Hello everyone.  I want to share something about glycerin. 

Sometimes ago I make liquid soap with vegetable glycerin and it turn out well. 

A week ago,  I buy glycerin (not vegetable glycerin,  just glycerin).  It's cheaper than VG.  

I start using it to make liquid soap and it's messy.  Still get soap paste but the paste is.. Weird. Super sticky like glue,  opaque, and melting... 

I CP the soap paste. When I get the opaque color,  sticky and melted soap paste,  I think I should HP it.  It turn out uglier,  opaque and crumbly although quite firm.  

From this experience,  I wonder if glycerin in soap making is always have to use the vegetable one instead of the 'just'  glycerin.


----------



## Susie (Jul 26, 2015)

I don't think the glycerin had much to do with it.  Could you post your entire recipe in weights? (including the KOH, water, and all additives)  That would help us troubleshoot it.


----------



## rosche (Jul 26, 2015)

My recipe (100gr oil):

castor 12gr
coconut 25gr
olive  28 gr
palm 35

KOH 23 gr
water 23gr
glicerine 46gr

I used the 'more glycerine' method by DeeAnna. 
When I use the vegetable glycerin, it turn out well. And when I try with the 'just' glicerine, it's a mess. 

Both still can be diluted but the 'just' glycerin will no be able to be soap2go...


----------



## Seawolfe (Jul 26, 2015)

Im curious - where did you get this glycerin? Does it say 100% glycerin on the ingredients?

I only ask because it makes me crazy that some "make your own soap without lye" sites on the web use "glycerin" in their ingredients, but they actually mean "glycerin based melt and pour soap", which makes me absolutely insane! I know that would be a solid and you have a liquid, but Im wondering what else might be out there. I guess there are glycerin liquid soap bases out there.


----------



## Susie (Jul 26, 2015)

Palm oil will make a difference in the appearance of paste and liquid soap.  Have you used this exact recipe before?

And that is an awfully small batch size, small differences in weighing will have a really big impact.


----------



## rosche (Jul 26, 2015)

@seawolfe I got it from local chemical store.
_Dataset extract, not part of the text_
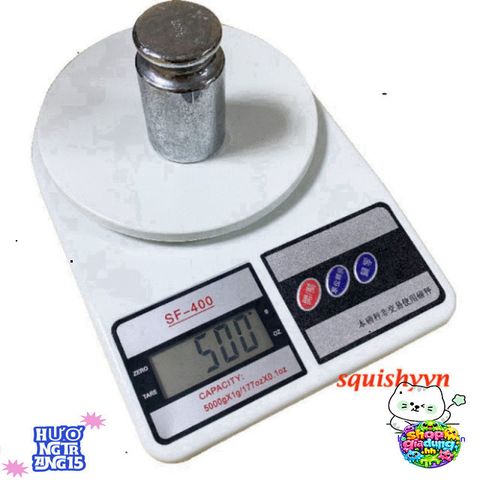 Cân Điện Tử Mini FS-400 10kg/1gr - Màn Hình LCD Sáng, Sang Trọng, Bảo Hành 1 Năm, Phù Hợp Đo Lường Nhà Bếp
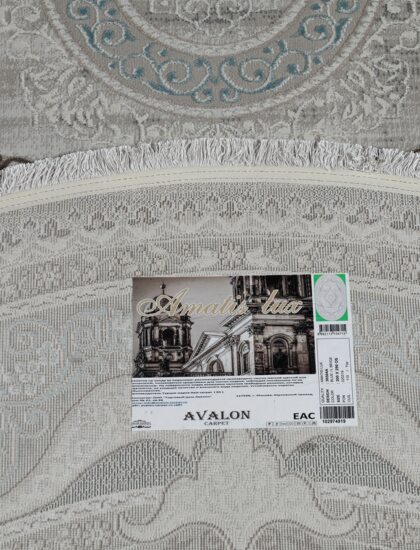 36564A oval L.BEIGE / BLUE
This is glycerin and not to be confuse with glycerin mp soap 

It's just there are 3 types of glycerin as far as I know. Vegetable,  animal and petrochemical

 It is in used plastic bottle.  I guess the store have glicerin in bulk (maybe in barrel) and because I only buy 1L, so they packed it in a used plastic bottle.  

As far as I know,  this is maybe glycerin derived from petrochemical. It's cheaper than vegetable glycerin.  The storekeeper say this glycerin is foodgrade. 

@Susie yes.  At first I made some batches using the exact recipe but with vegetable glycerin.  It turn out well.  I even made smaller batches.  50gr and 30 gr of oil.  And it's fine so far.  But when I use the 'just' glycerin,  it's ugly.  Even when I only use 15% of total water,  still a mess.  

I don't know if this 'just' glicerin only behave badly in soap paste or it is so in cp soap.  Maybe tomorrow I'll get some NaOH and hope the glycerine will do ok so it won't be sitting in vain X)


----------